[Saved data entries]
◆ ◆ ◆ ◆
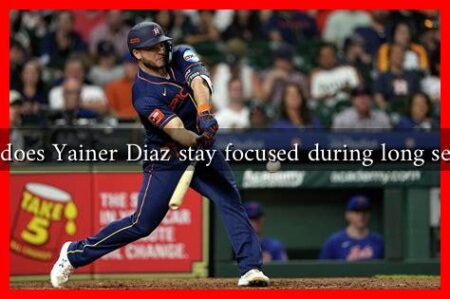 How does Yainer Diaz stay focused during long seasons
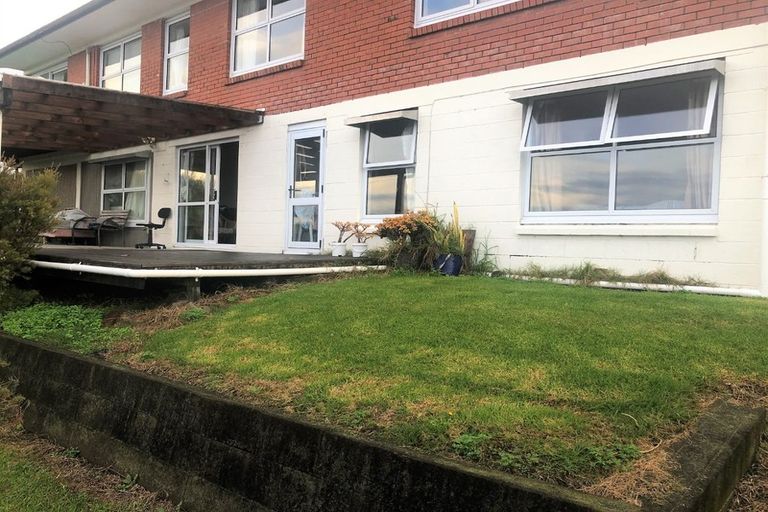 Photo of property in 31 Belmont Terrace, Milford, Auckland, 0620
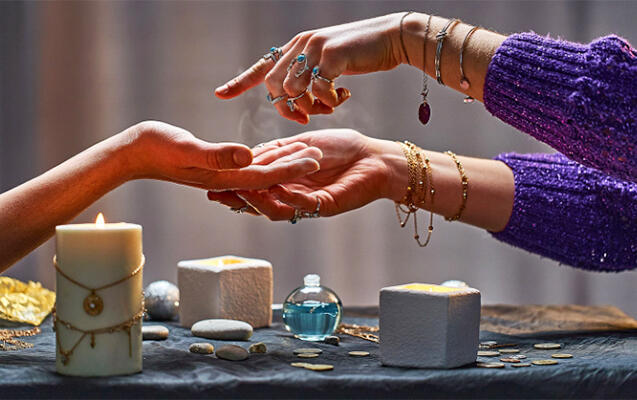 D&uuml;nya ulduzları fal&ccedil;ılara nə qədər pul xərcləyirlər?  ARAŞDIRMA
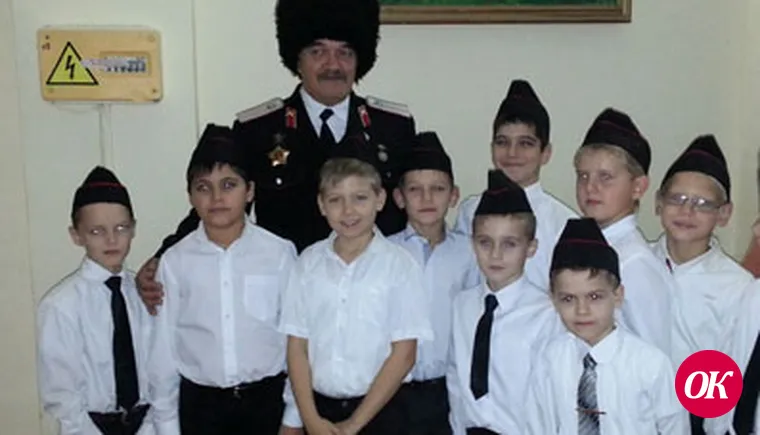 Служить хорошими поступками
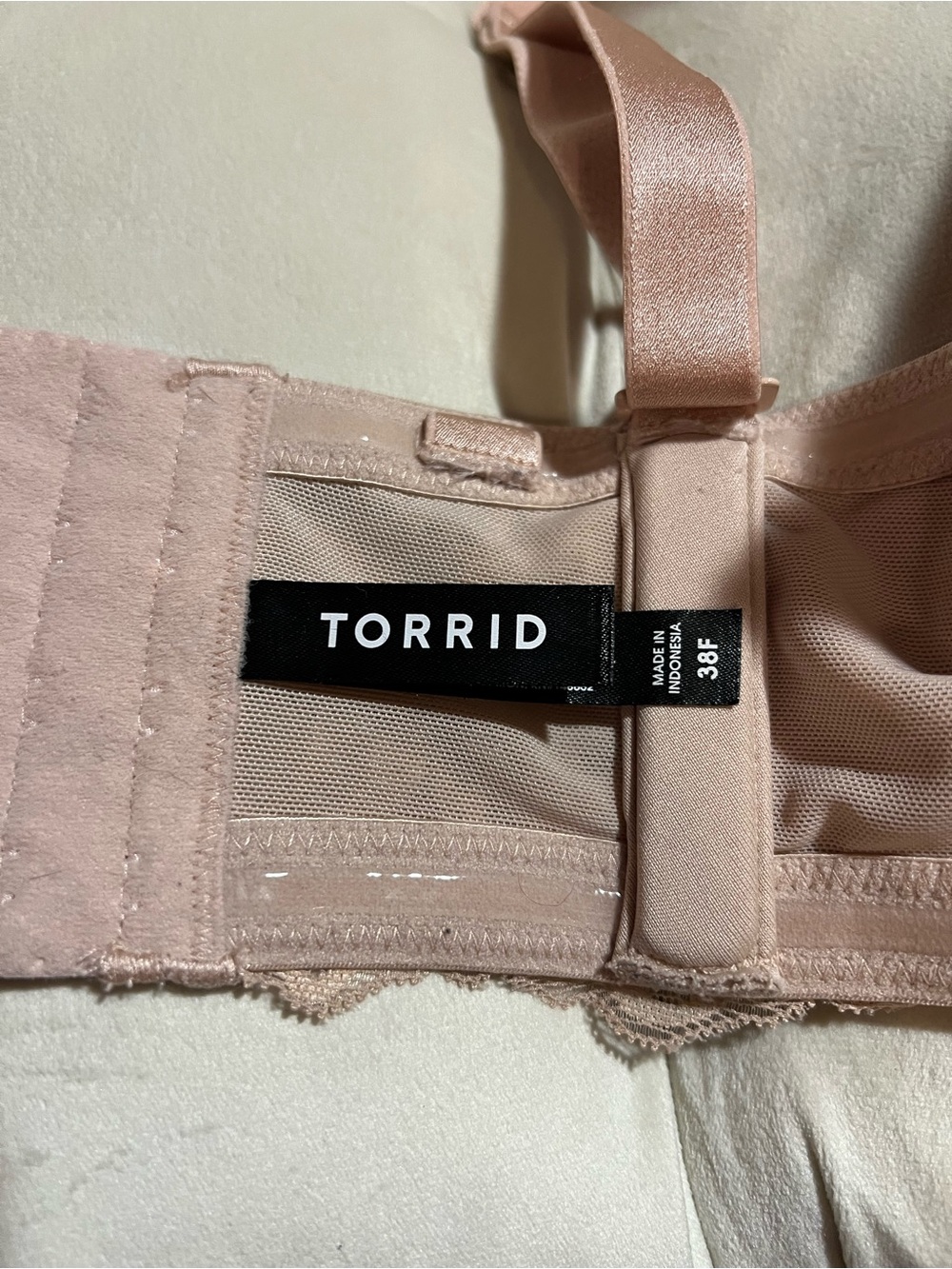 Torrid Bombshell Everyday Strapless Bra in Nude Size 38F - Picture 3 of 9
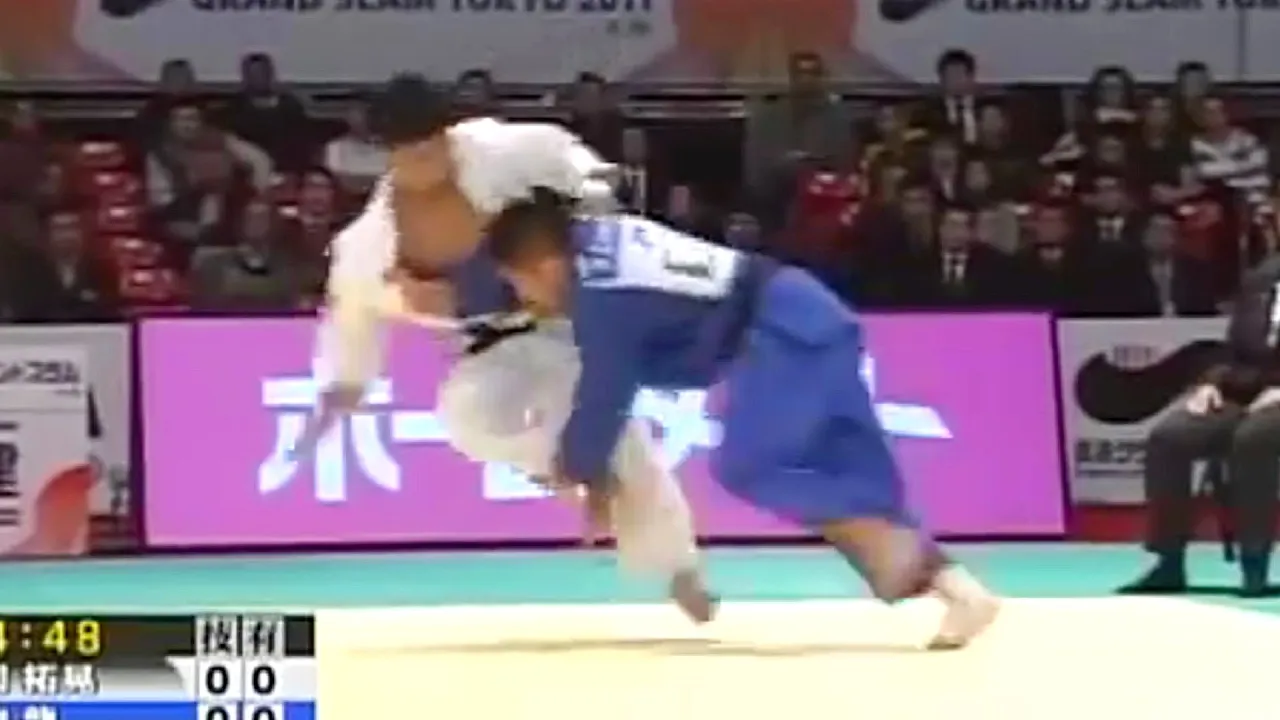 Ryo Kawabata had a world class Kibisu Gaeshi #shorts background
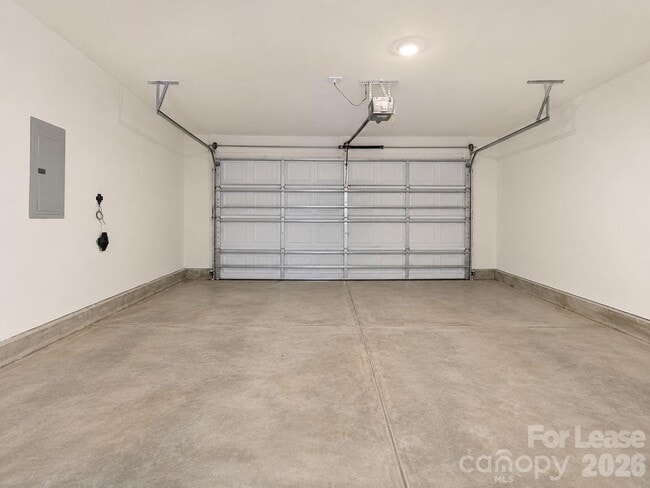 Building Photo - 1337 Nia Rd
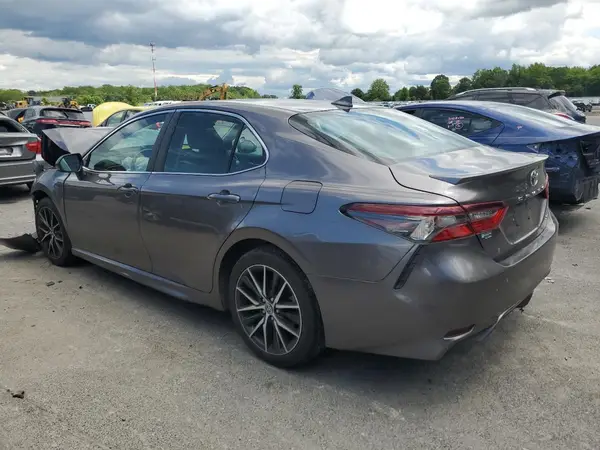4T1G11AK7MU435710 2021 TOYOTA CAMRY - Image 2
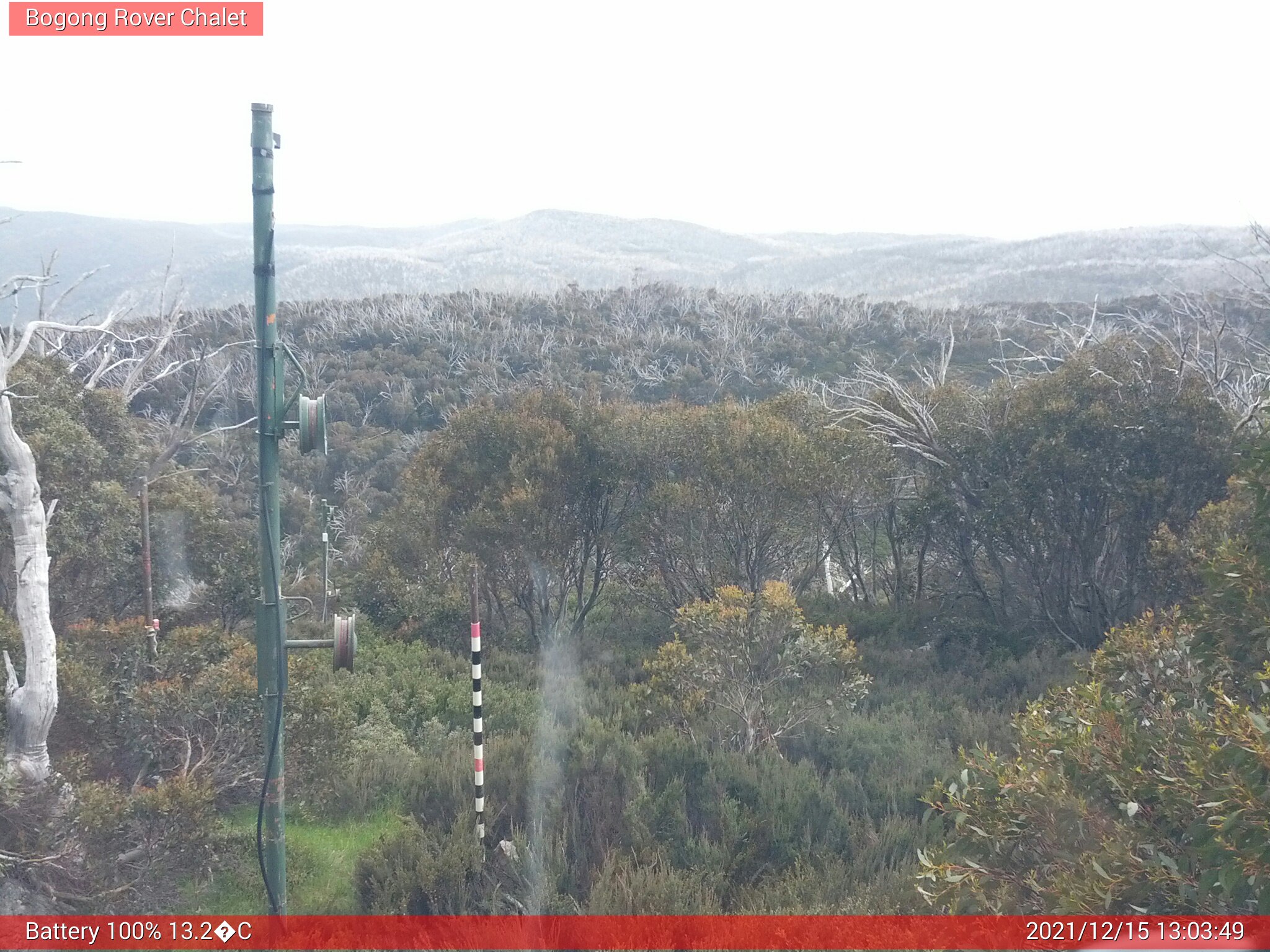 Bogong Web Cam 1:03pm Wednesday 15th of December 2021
◆ ◆ ◆ ◆
* **Work required**
Return exactly, with no pictures, each line from the one that contains "Building Photo - 1337 Nia Rd" through the end of the entries above, both ends included.

* **Solution**
 Building Photo - 1337 Nia Rd
4T1G11AK7MU435710 2021 TOYOTA CAMRY - Image 2
 Bogong Web Cam 1:03pm Wednesday 15th of December 2021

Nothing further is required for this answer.